* **Task details**: You are asked to copy the entire listing exactly, apart from its pictures.

* **Exercise material**:
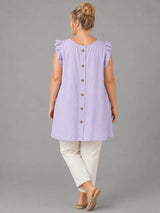 Plus Size Ruffle Trim Dipped Hem Top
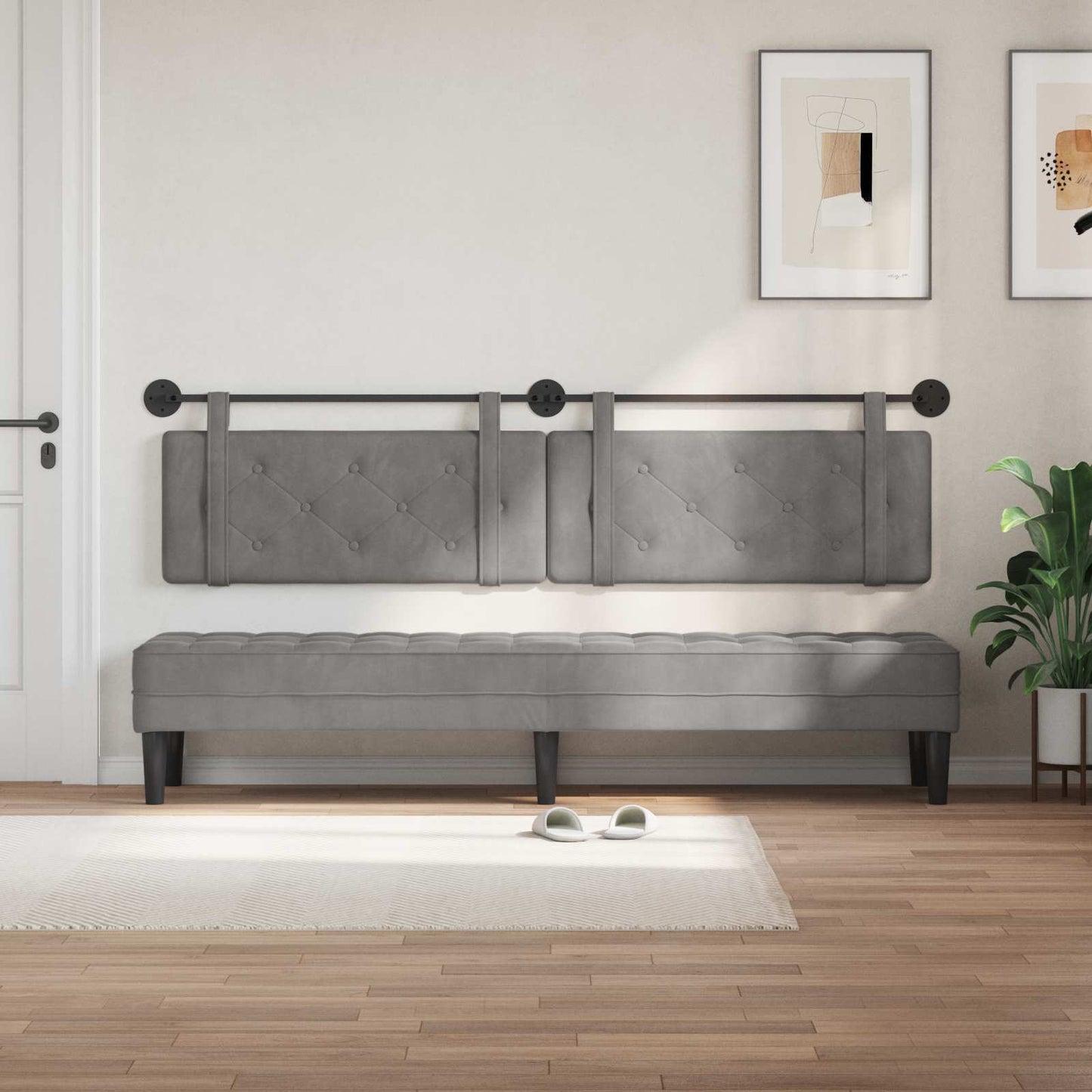 Testata appesa Grigio chiaro 210 x 55 x 5 cm Velluto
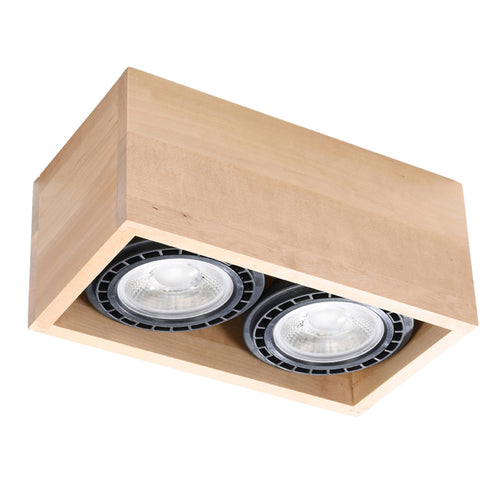 Sollux Lighting Plafondlamp QUATRO 2 naturel hout - 27x14x10cm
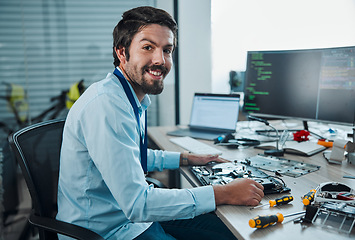 Image showing Information technology portrait, motherboard circuit and man repair computer hardware, electronics or semiconductor. CPU system maintenance, service industry or IT worker fixing microchip in tech lab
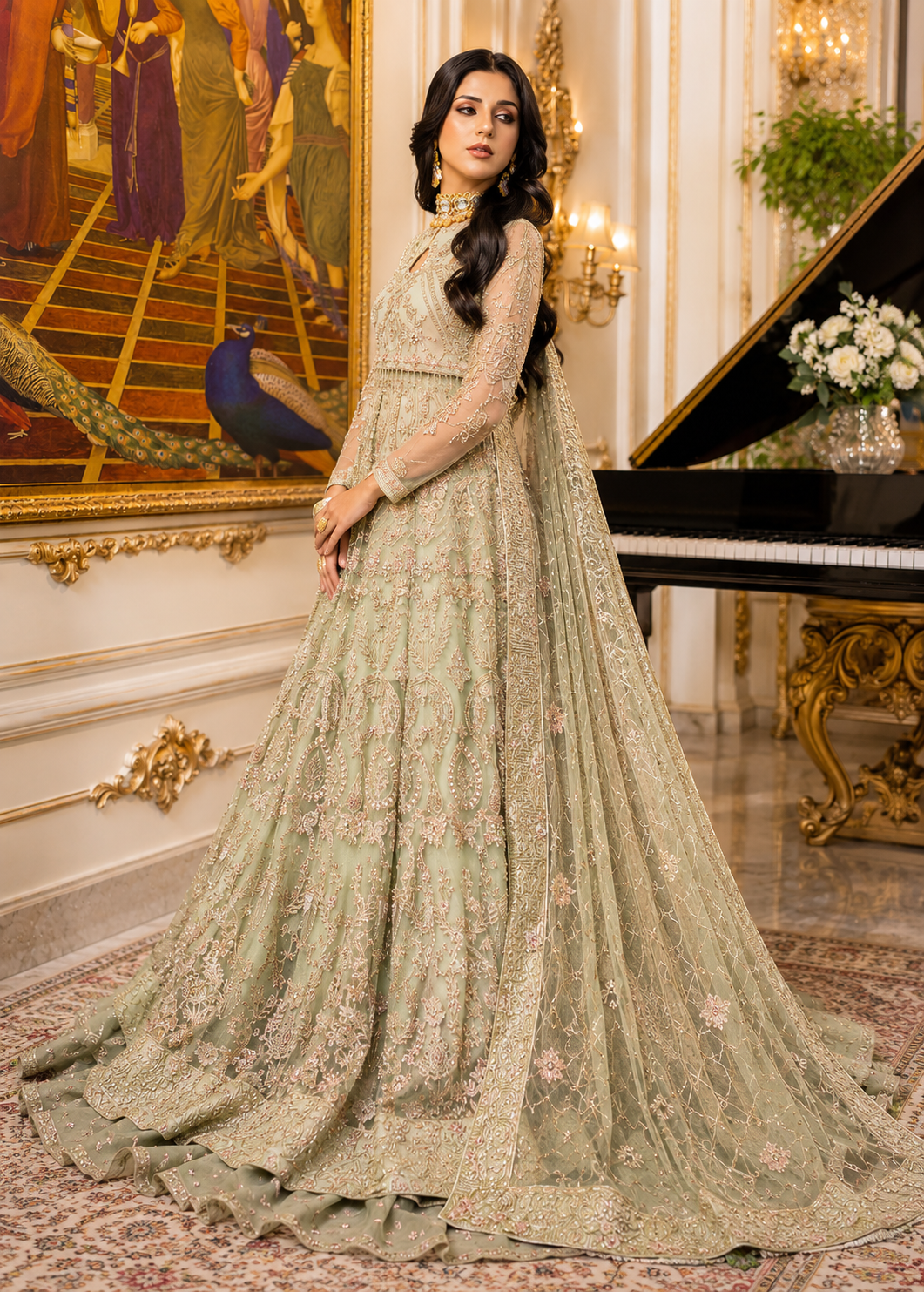 Irtiqa Ali Sage Green & Gold Net embroidered dress fabric view 2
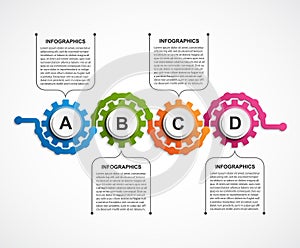 Abstract gears infographic. Design element.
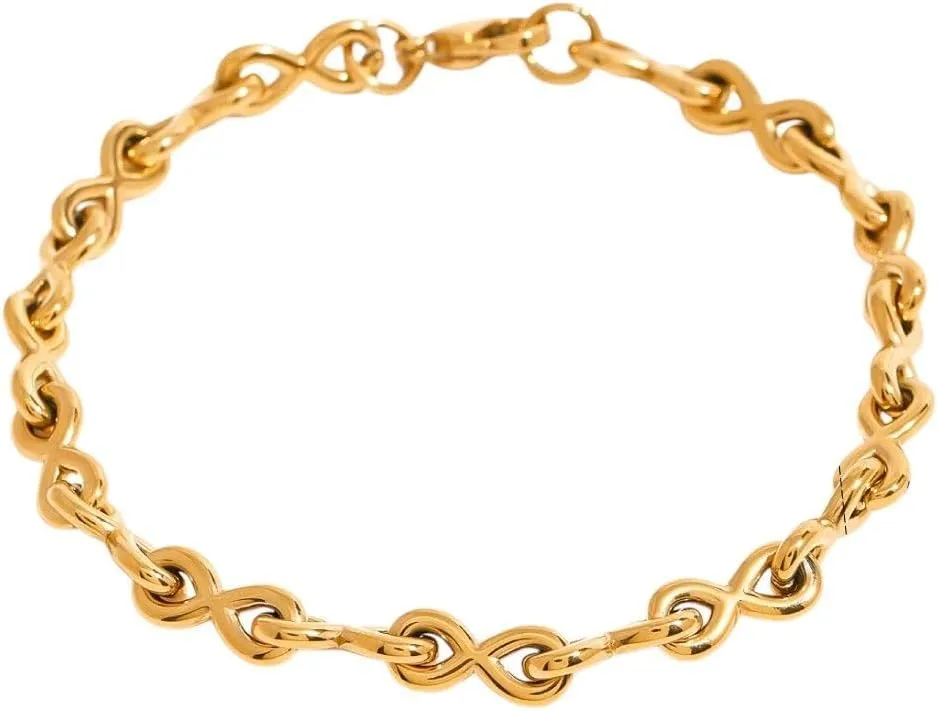 New 2026 Unisex Gold Color Two Tone Chain Bracelet Oval Rectangle Long Paperclip Anklet Chunky Link Two-Tone B Jewelry Findings Fashion Trendy Accessories Creative Gift For Women And Men
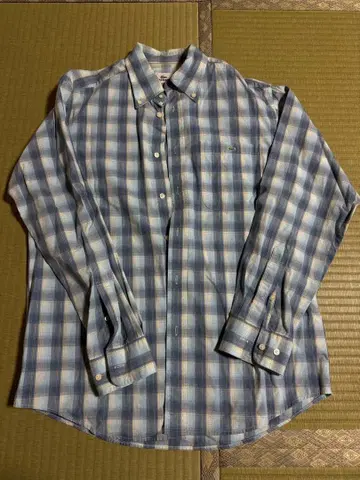 80년대 빈티지 LACOSTE 체크 무늬 긴팔 셔츠 사이즈 3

* **Response box**:
 Plus Size Ruffle Trim Dipped Hem Top
 Testata appesa Grigio chiaro 210 x 55 x 5 cm Velluto
 Sollux Lighting Plafondlamp QUATRO 2 naturel hout - 27x14x10cm
 Image showing Information technology portrait, motherboard circuit and man repair computer hardware, electronics or semiconductor. CPU system maintenance, service industry or IT worker fixing microchip in tech lab
 Irtiqa Ali Sage Green & Gold Net embroidered dress fabric view 2
 Abstract gears infographic. Design element.
 New 2026 Unisex Gold Color Two Tone Chain Bracelet Oval Rectangle Long Paperclip Anklet Chunky Link Two-Tone B Jewelry Findings Fashion Trendy Accessories Creative Gift For Women And Men
 80년대 빈티지 LACOSTE 체크 무늬 긴팔 셔츠 사이즈 3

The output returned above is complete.